Task input:
⟨

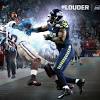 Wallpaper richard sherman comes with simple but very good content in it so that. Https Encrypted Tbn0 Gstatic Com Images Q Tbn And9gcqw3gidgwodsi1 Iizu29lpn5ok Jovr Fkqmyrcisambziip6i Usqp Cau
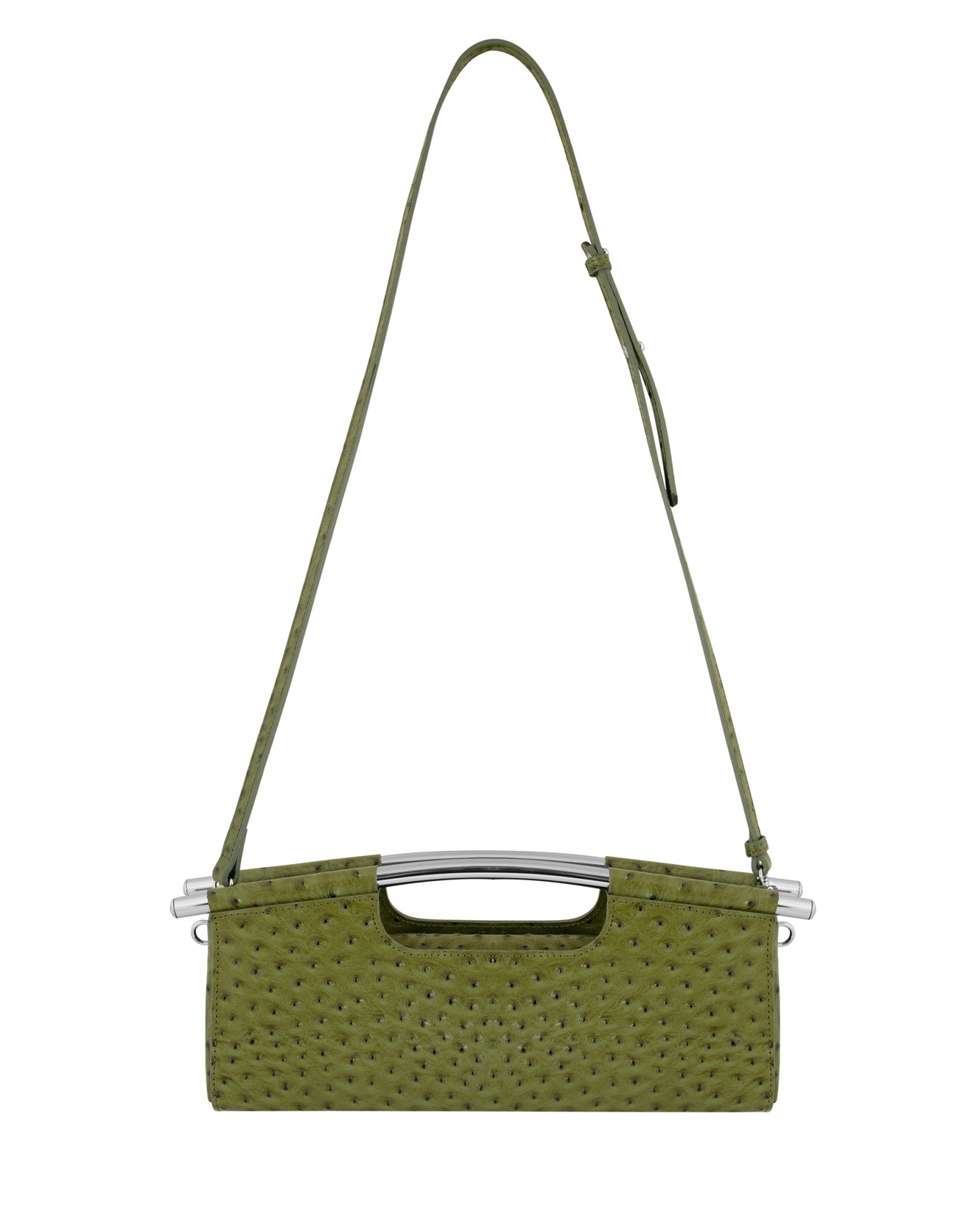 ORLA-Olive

⟩
⟨

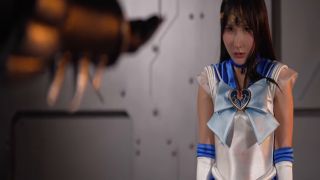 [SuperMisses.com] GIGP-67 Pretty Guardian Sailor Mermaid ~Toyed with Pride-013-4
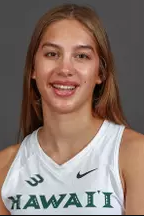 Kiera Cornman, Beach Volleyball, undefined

⟩
⟨

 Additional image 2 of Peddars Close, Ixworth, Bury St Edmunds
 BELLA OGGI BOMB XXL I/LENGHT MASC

⟩

Instructions for the task: The answer is the lines above from the one with "[SuperMisses.com] GIGP-67 Pretty" to the one with "Kiera Cornman, Beach Volleyball, undefined", set down exactly, with no pictures.

Solved problem:
 [SuperMisses.com] GIGP-67 Pretty Guardian Sailor Mermaid ~Toyed with Pride-013-4
 Kiera Cornman, Beach Volleyball, undefined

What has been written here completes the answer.